La foule déborde le service d'ordre, quelques personnes se ruent vers la guillotine pour tremper leur mouchoir dans le sang. Dans l'assistance se trouve Christopher Lee, future vedette de films d'horreur, alors âgé de 17 ans. Dans son autobiographie, l'acteur anglais témoigne de l'événement.

Les comportements des journalistes et de la foule hystérique provoquent un vif émoi au plus haut sommet de l'État. D'autant plus que le malaise vis-à-vis du déploiement public de la peine de mort est déjà installé depuis plusieurs décennies.

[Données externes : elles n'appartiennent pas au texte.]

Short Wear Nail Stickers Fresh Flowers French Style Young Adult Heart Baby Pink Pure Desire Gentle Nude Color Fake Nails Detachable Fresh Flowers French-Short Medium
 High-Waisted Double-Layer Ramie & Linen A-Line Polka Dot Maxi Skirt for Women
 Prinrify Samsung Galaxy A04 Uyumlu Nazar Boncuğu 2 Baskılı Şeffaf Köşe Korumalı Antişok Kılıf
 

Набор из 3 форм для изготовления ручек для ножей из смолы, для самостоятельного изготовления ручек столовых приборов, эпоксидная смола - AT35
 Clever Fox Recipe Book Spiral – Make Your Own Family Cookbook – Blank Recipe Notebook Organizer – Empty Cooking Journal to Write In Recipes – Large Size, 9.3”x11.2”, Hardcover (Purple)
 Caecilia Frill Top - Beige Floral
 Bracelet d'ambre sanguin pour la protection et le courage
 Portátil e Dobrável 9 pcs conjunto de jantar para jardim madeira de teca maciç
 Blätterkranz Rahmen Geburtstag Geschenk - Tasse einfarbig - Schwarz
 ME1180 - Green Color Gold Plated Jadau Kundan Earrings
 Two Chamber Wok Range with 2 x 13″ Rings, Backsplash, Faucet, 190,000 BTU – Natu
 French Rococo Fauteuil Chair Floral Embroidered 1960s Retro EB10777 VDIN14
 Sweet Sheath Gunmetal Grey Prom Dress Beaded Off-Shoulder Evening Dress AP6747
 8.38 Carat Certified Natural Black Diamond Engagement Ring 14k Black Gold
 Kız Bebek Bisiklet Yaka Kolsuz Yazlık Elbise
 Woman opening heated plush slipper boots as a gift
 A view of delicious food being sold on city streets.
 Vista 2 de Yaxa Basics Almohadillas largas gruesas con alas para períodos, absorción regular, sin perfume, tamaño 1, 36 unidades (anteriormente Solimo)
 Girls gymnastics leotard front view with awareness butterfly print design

Sur la base d'un rapport du chef du gouvernement Edouard Daladier, constatant que les exécutions capitales sur les « places publiques » n'ont pas eu « l'effet moralisateur » attendu, mais « pratiquement donné des résultats opposés », le Président de la République Albert Lebrun supprime la publicité de la mise à mort.

Une semaine après les incidents de Versailles, est promulgué le décret du 24 juin 1939, qui dispose que « l'exécution se fera dans l'enceinte de l'établissement pénitentiaire » et que seulement neuf personnes seront autorisées à assister à l'exécution.

Jusqu'à son abolition, la mise à mort sera confinée dans le secret des cours des prisons.